Sono convinto di una cosa. Il problema sta tutto nel linguaggio o, meglio, nelle parole che col tempo possono assumere significati diversi. Io posso intendere la stessa parola in un modo, e l’altro in un altro modo, e nascono gli equivoci. Soprattutto in certi campi, come ad esempio quello religioso, una parola intesa male può diventare addirittura eresia.

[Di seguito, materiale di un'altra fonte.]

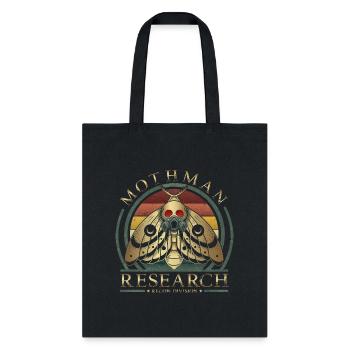 Mothman Research: Recon Division - Tote Bag - black - Front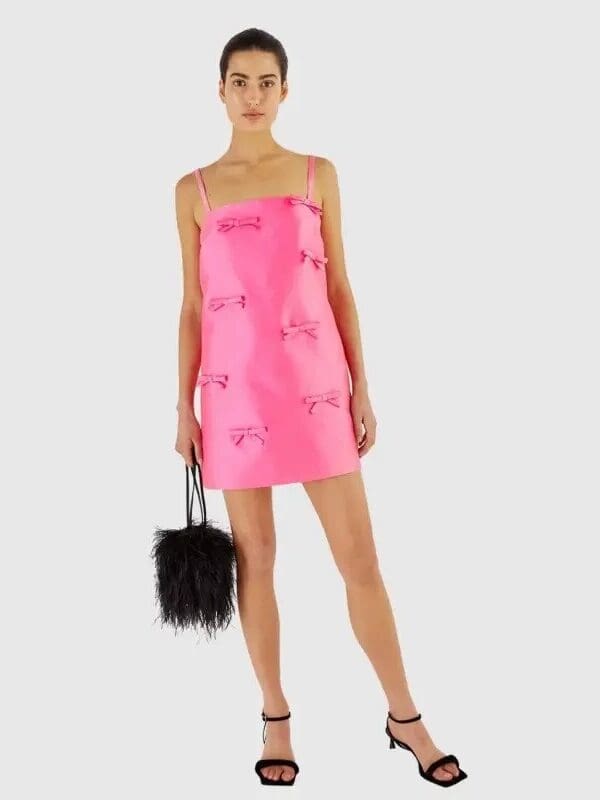 oroton mini dress Oroton - Poppy Smocked Mini Dress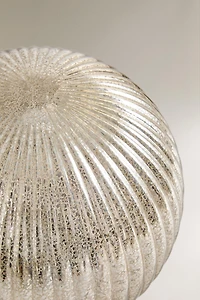 DÉCO LUMINEUSE LED BOULE RAYÉE MOYENNE NOËL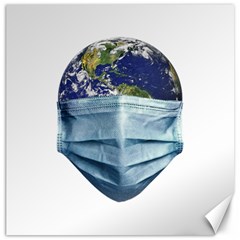 Earth With Face Mask Pandemic Concept Canvas 20  X 20  by dflcprintsclothing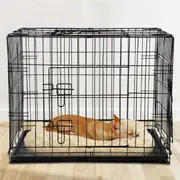 Pet Dog Cage Crate Kennel Cat Collapsible Metal Cages 36" Inch Playpen Pen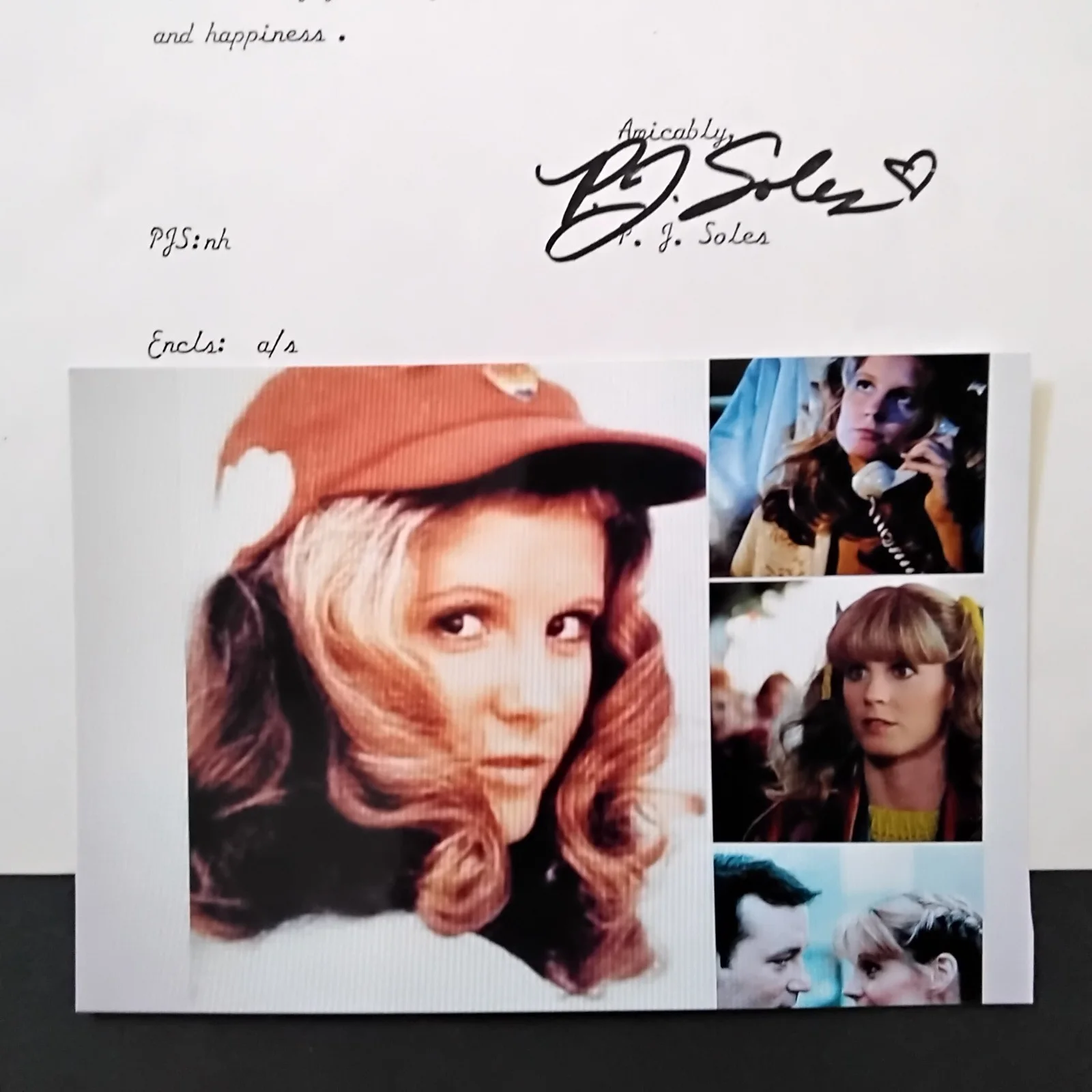 P J Soles SIGNED Letter Photo 70s Movie Actress Halloween Carrie Scream Queen, изображение 2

Col tempo, abbiamo perso il senso originale delle parole, e le parole diventano perciò di doppio significato. E non ci si intende più. Ecco perché anch’io cerco di spiegare il senso etimologico di una parola. Prendiamo la parola “regno”. Quando Gesù parlava del regno di Dio gli ebrei pensavano a qualcosa di diverso da ciò che intendeva dire Gesù. E Gesù usava la stessa parola equivoca proprio per far capire l’originalità del suo messaggio. E accettando il titolo di re, ha inteso sconvolgere tutte le categorie del regno terreno. Se il re esercita un comando, Gesù è un re che si mette al servizio degli altri. Potete immaginare un re o un onorevole del nostro parlamento che si mette a lavare i piedi di un poveraccio? Non ha fatto forse scalpore Papa Francesco che ha lavato i piedi ai carcerati, e tra questi due donne, e tra queste una musulmana? Un papa che si inginocchia a lavare i piedi dei delinquenti?
Tutti avremmo desiderato che Gesù dicesse tutto ciò che poteva dire, e leggessimo ora nei Vangeli il suo messaggio integrale. Invece no. Ha detto solo alcune cose. Quelle che ha ritenuto opportuno dire. Il resto l’ha lasciato alla venuta dello Spirito santo. Questo è il bello della Chiesa di Cristo. In questo sta la differenza tra il cristianesimo e le altre religioni. Per i musulmani nel Corano c’è tutta la rivelazione di Maometto. Noi non possiamo dire la stessa cosa della Bibbia. La Bibbia contiene solo una parte della verità di Dio. Neppure i Vangeli narrano tutto ciò che Gesù ha detto o ha fatto. Giovanni, al termine del suo Vangelo, scrive: «Vi sono ancora molte altre cose compiute da Gesù che, se fossero scritte una per una, penso che il mondo stesso non basterebbe a contenere i libri che si dovrebbero scrivere”.
La Chiesa cosiddetta dogmatica dimentica la parte dello Spirito santo che ha la missione di integrare il messaggio di Cristo. Certo, dobbiamo stare attenti: lo Spirito santo non parla a vanvera, o su dettatura delle anime devote che gli fanno dire ciò che loro vogliono. La profezia è il dono dello Spirito che sorprende sempre. Io credo che ciò che noi conosciamo di Dio è solo un granello della verità. Ecco perché non si può racchiudere la verità entro schemi prestabiliti. Gli orizzonti sono infiniti. Ciò che dobbiamo dare ascolto è la sete d’Infinito che è dentro di noi. La Chiesa non può proibirci di sognare, di pensare in grande, di allargare le nostre conoscenze, di ridimensionare il nostro modo di vivere la fede.